Distributed systems: Stragglers

Reference paper:

• The Tail at Scale

Summary

One of the challenges in building large-scale systems is to consistently maintain low-latency in responses. Dean and Barroso, in their paper highlight techniques that can be used to build distributed systems that have an overall low-latency despite its constituent components having occasional high-latency. The authors first provide several reasons that contribute to high tail latency such as shared resources, queuing, daemons, garbage collection etc. and then they show that variability in latency of individual components lead to high overall service latency due to the “fan-out” architecture generally adopted in large-scale systems. The authors take inspiration from fault-tolerant systems and focus on techniques that reduce latency hiccups regardless of root cause. Finally, the authors introduce techniques such as sending the same request to multiple replicas and only considering the first response (hedged requests) and allowing multiple servers to communicate updates regarding requests (tied requests) to reduce tail latency.

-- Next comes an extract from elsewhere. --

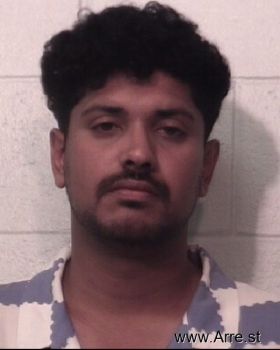 Shaun Varughese Johnson Mugshot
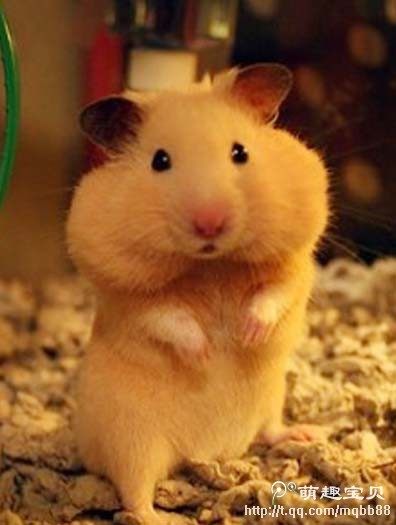 旭日东升舰旗店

Other techniques proposed by the authors such as micro-partitioning, selective replication and latency-induced probation also lead to significant reduction in latency at larger scales.

Positive Points

• The authors made the paper accessible to a wider audience by using sufficient examples and metrics from real-world services provided by google. For example, the graph showing how the probability of high-service latency scales with number of servers was very insightful.
• In the last few sections of the paper, the authors provide important considerations to keep in mind while building production quality robust distributed systems such as canary requests. These techniques are also applicable to a broader range of services apart from information retrieval.
• For several design techniques that the authors proposed, they highlighted various trade-offs that were made in adopting those techniques. For example, the good-enough results provided by google search and skipping non-essential subsystems. Such accounts provide a deeper understanding of the issues faced in large-scale systems.

Drawbacks

• For some proposed techniques such as latency-induced probation and selective replication the authors do not carry out evaluations. It would have been helpful if they included some statistics about these techniques.
• The authors do not discuss the implications that write operations would have on their proposed techniques. For example, if we issue two write operations in hedged requests, a change may be made twice.
• The authors could have provided experiments that compare directly reducing component-level variability vs tail-tolerant techniques that mask or work around temporary latency pathologies to further enforce their points.

Research Questions

1. How would latency-induced probation work in case of writing to a server on probation?
2. In a complex large-scale distributed system, there are a lot of moving parts. How can one identify issues that are specially caused by latency variability? For example, some latency issues could be caused by faults/retries.
3. One of the modern commercial databases that use hedged requests is Cassandra. It uses the percentile heuristic to send 3 requests for each request. This increases the load on the server but provides better latency.